▸ **GOAL OF THE EXERCISE**
Go to the line below that has "Gris Utilisé 2019", print it and each line after it exactly, and stop after the line that has "Ensemble Recherche 베아트"; leave out pictures.

[Opening DATA FOR THIS TASK section]

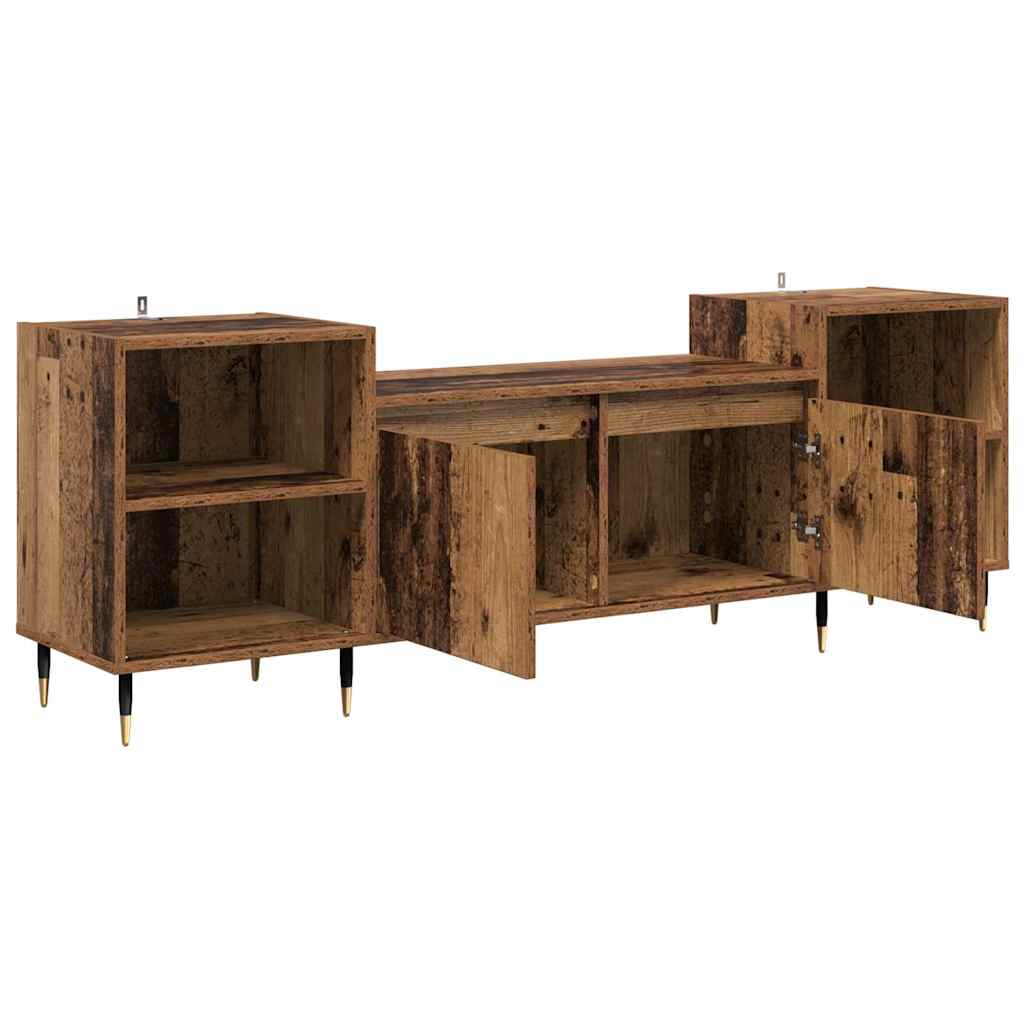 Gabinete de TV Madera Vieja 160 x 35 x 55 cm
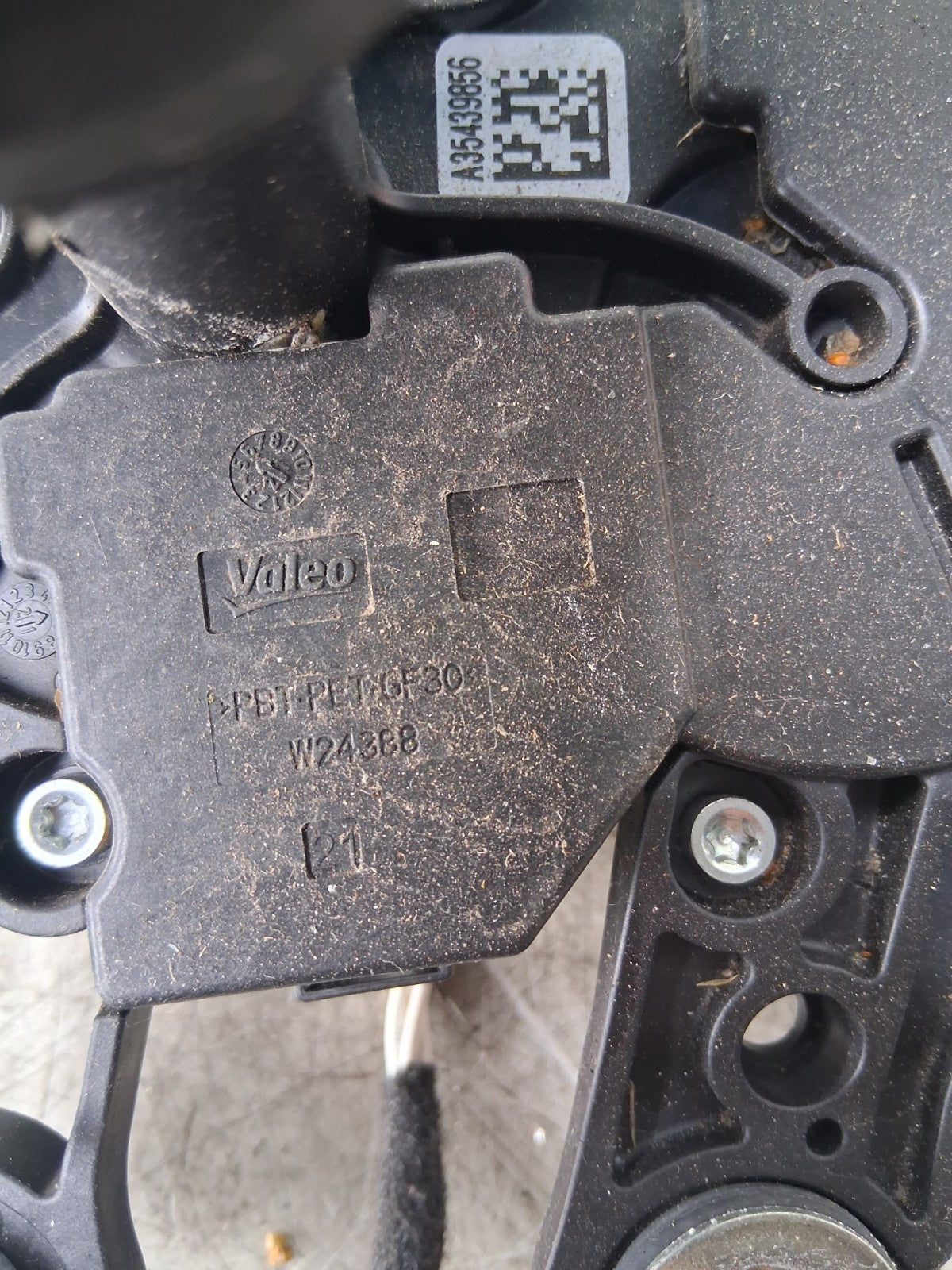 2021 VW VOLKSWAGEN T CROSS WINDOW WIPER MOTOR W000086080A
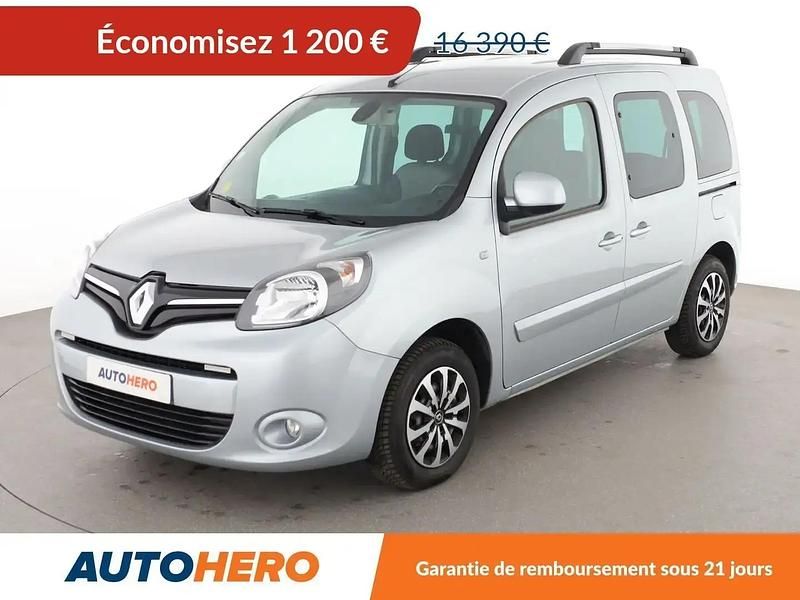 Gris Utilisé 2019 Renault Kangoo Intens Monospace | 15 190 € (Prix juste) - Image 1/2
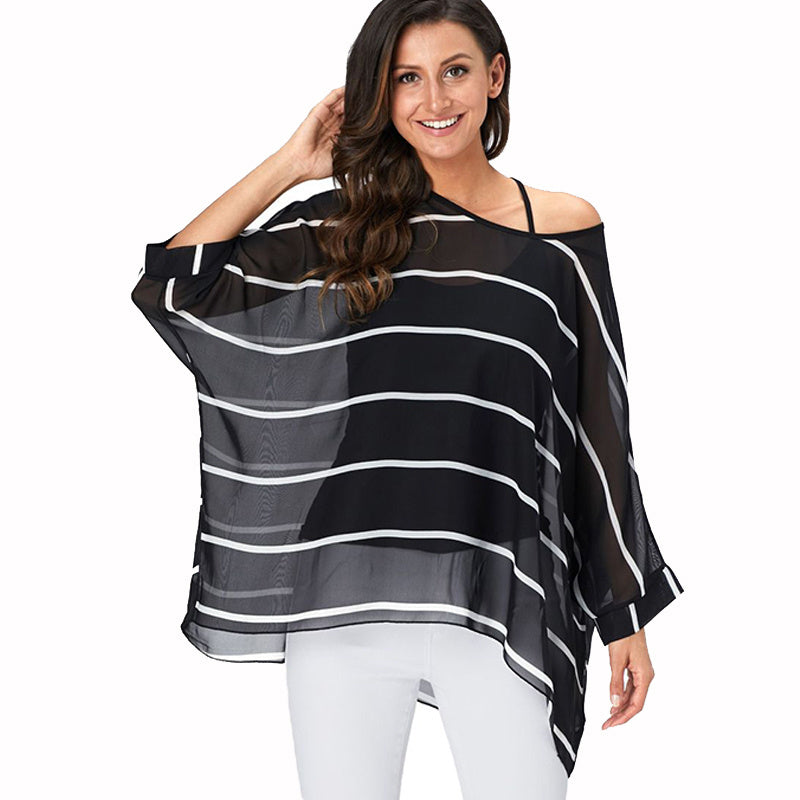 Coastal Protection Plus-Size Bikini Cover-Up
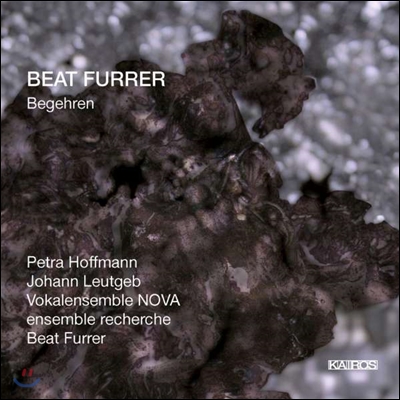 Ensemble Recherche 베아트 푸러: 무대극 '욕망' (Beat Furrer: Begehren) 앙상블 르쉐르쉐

[Closing DATA FOR THIS TASK section]
[Opening DATA FOR THIS TASK section]

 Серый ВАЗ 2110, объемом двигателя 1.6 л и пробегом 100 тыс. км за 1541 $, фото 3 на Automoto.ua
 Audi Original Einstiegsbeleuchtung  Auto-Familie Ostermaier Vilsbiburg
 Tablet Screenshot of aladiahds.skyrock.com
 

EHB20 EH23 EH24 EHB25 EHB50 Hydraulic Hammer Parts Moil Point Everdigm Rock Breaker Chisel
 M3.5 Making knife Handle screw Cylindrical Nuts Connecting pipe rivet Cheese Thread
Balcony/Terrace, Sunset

[Closing DATA FOR THIS TASK section]
[Opening DATA FOR THIS TASK section]

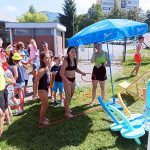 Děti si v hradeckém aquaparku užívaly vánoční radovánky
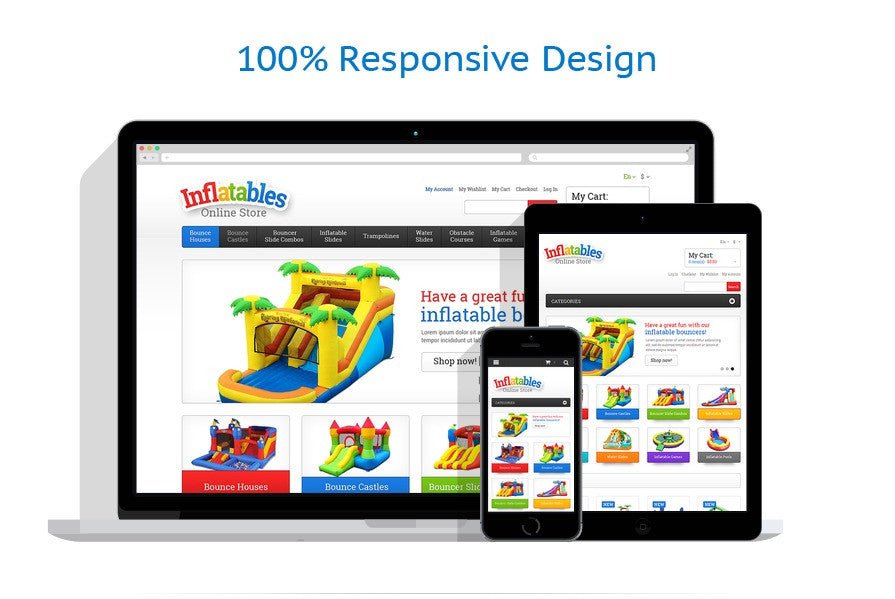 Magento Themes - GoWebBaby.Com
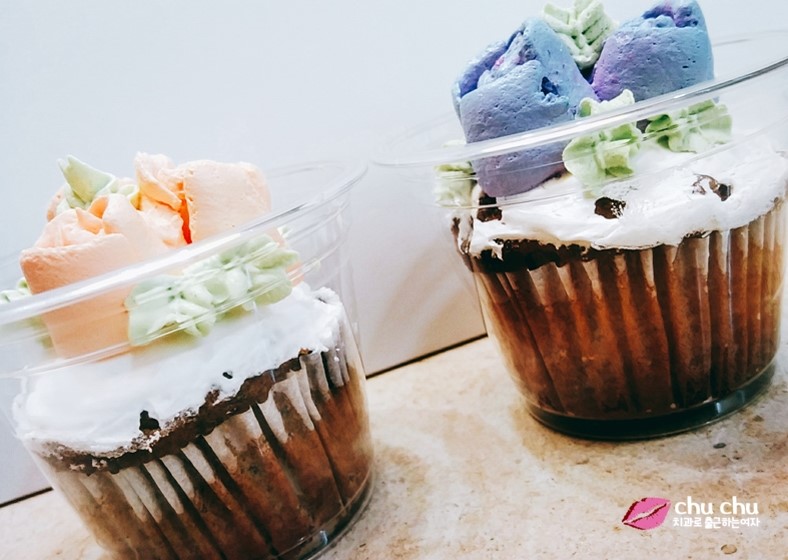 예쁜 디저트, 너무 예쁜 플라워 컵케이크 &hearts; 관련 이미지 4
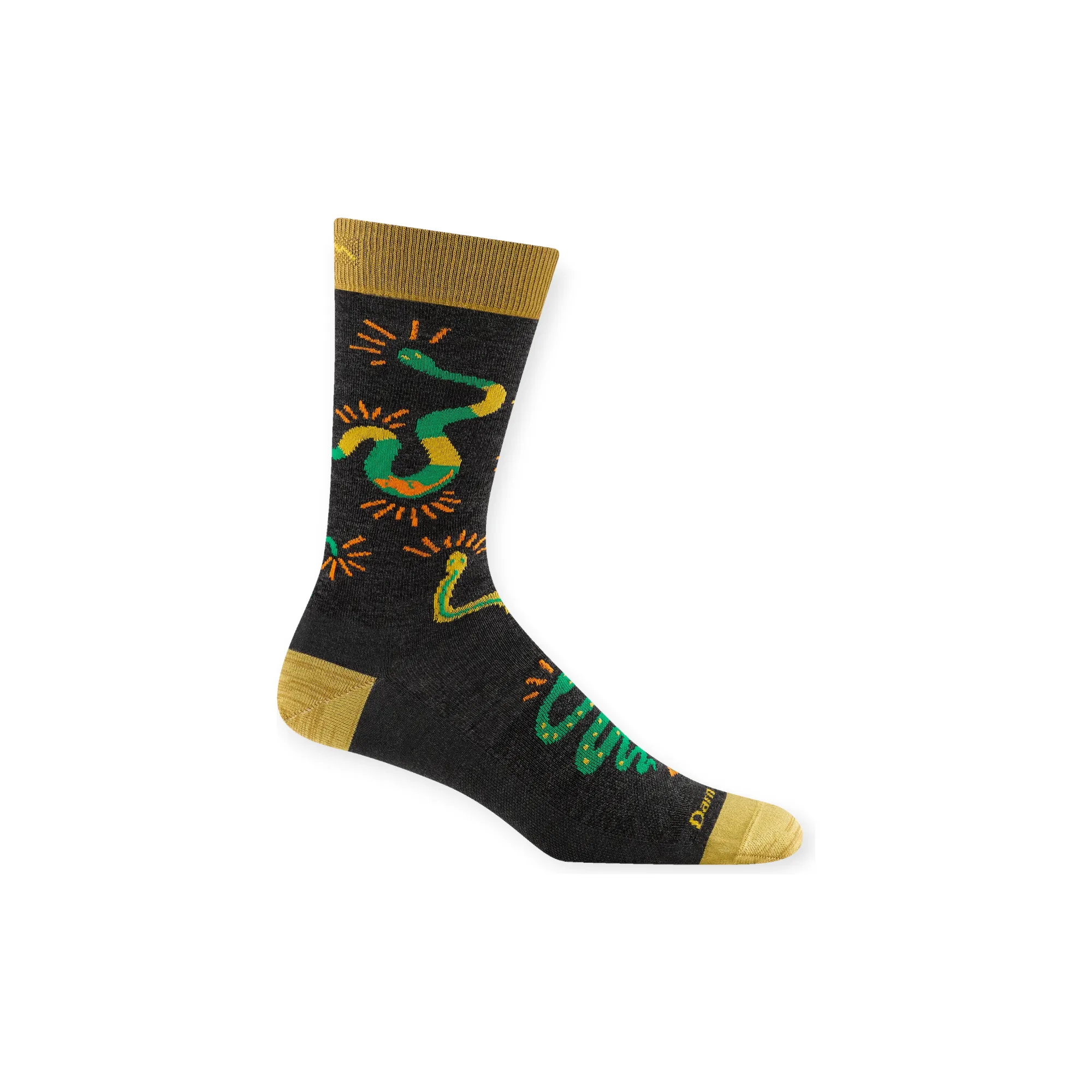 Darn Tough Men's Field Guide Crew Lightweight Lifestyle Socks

[Closing DATA FOR THIS TASK section]

▸ **RESPONSE BELOW**
 Gris Utilisé 2019 Renault Kangoo Intens Monospace | 15 190 € (Prix juste) - Image 1/2
 Coastal Protection Plus-Size Bikini Cover-Up
 Ensemble Recherche 베아트 푸러: 무대극 '욕망' (Beat Furrer: Begehren) 앙상블 르쉐르쉐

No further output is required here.